In his charge to the jury and final judgment entered on the verdict of guilty against the appellants, the judge unequivocally showed that the trial failed to prove the appellants’ guilt for murder but because the defense refused to move for new trial he could not have done otherwise.
The learned judge found himself in a quandary. He could not, sua sponte, redocket the case for new trial; defense having thought it not necessary to move for it. Indeed, this was the second embarrassment given him by the defense. He therefore, entered judgment on the verdict reluctantly sentencing the appellants to death by hanging. Both the prosecution and the defense registered exceptions each, to a certain and particular portion of the judgment.
The evidence showed that none of the three appellants took part in the kidnaping of the murdered girl. John Kono Tye Smith being either in Pleebo or Harper at the time she disappeared, Konde Nimley Smith left the town to fetch palm nuts after she had disappeared; and Gbleh did not visit the vicinity on that day.

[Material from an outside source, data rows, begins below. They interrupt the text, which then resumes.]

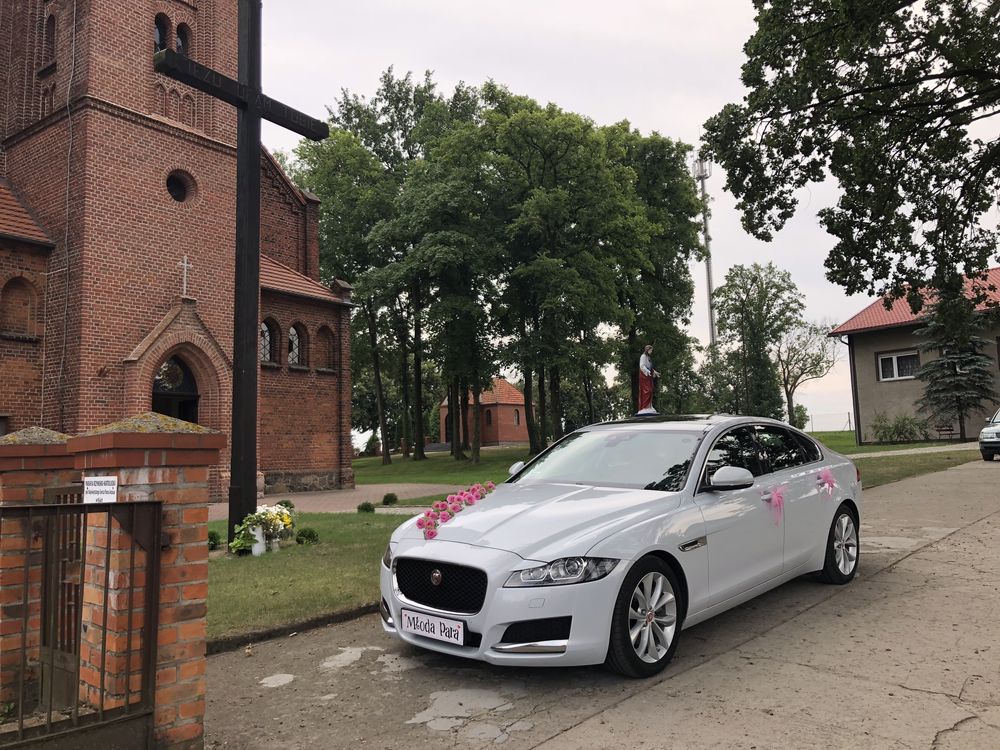 Auto samochód na wesele do ślubu Jaguar Mustang kabriolet Mercedes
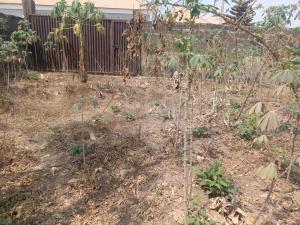 Land for sale Abese Elebu Off Akala Express Olak Ibadan Oyo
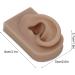 Flexible Brown Right Ear Model for Earrings Display and Acupuncture Training - Buy Online on SooperMarket.com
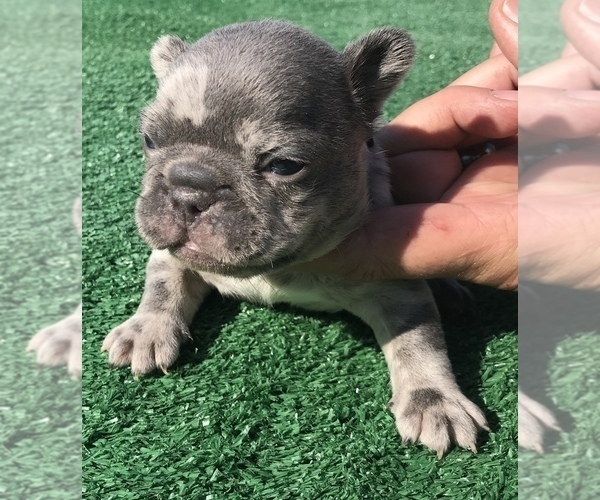 Medium Photo #31 French Bulldog Puppy For Sale in PLACERVILLE, CA, USA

Surely, whetting or sharpening his cutlass on that of Oldman Sennoh, sipping a jilt of cane rum and going to the woods before the girl, Darbeh Blanyonde, disappeared and refusing to come back to town and help search for her—which is all the evidence against co-appellant Gbleh—cannot legally convict him for murder. The law is that a judgment of conviction of a crime is sustainable only where the evidence in the jury trial was sufficient as a matter of law to support the inference of guilt beyond a reasonable death. Blamo v. Republic, [1966] LRSC 13; 17 LLR 232 (1966). The prosecution, of course, conceded this while arguing before this Bench.
Konde Nimely Smith was around when little Blanyonde disappeared and while the search for her was on, he left to fetch palm nuts and never returned to town until that night. He is said to have showed little enthusiasm in the search for Blandyonde. For five days after the mysterious disappearance of Blandyonde, Konde Nimely Smith went in and out among the crowd of people who sought for the girl yet no one saw blood stains on his trousers until the C.I.D. officers entered the scene on the fifth day when the victims almost putrefied body was discovered. The C.I.D. testified he told them the red stains on his trousers came from the blood of a tabado he had killed, but he himself testified it was his own blood poured out when he was dragged on the rough ground by the C.I.D. His statement that he was dragged on the rough ground had not been gainsaid so it was as good as the testimony given by the C.I.D. It is, therefore, legally impossible to convict him on this evidence. Sawyer v. Republic, [1944] LRSC 16; 8 LLR 311 (1944); Attoh v. Republic, [1945] LRSC 1; 9 LLR 3 (1945).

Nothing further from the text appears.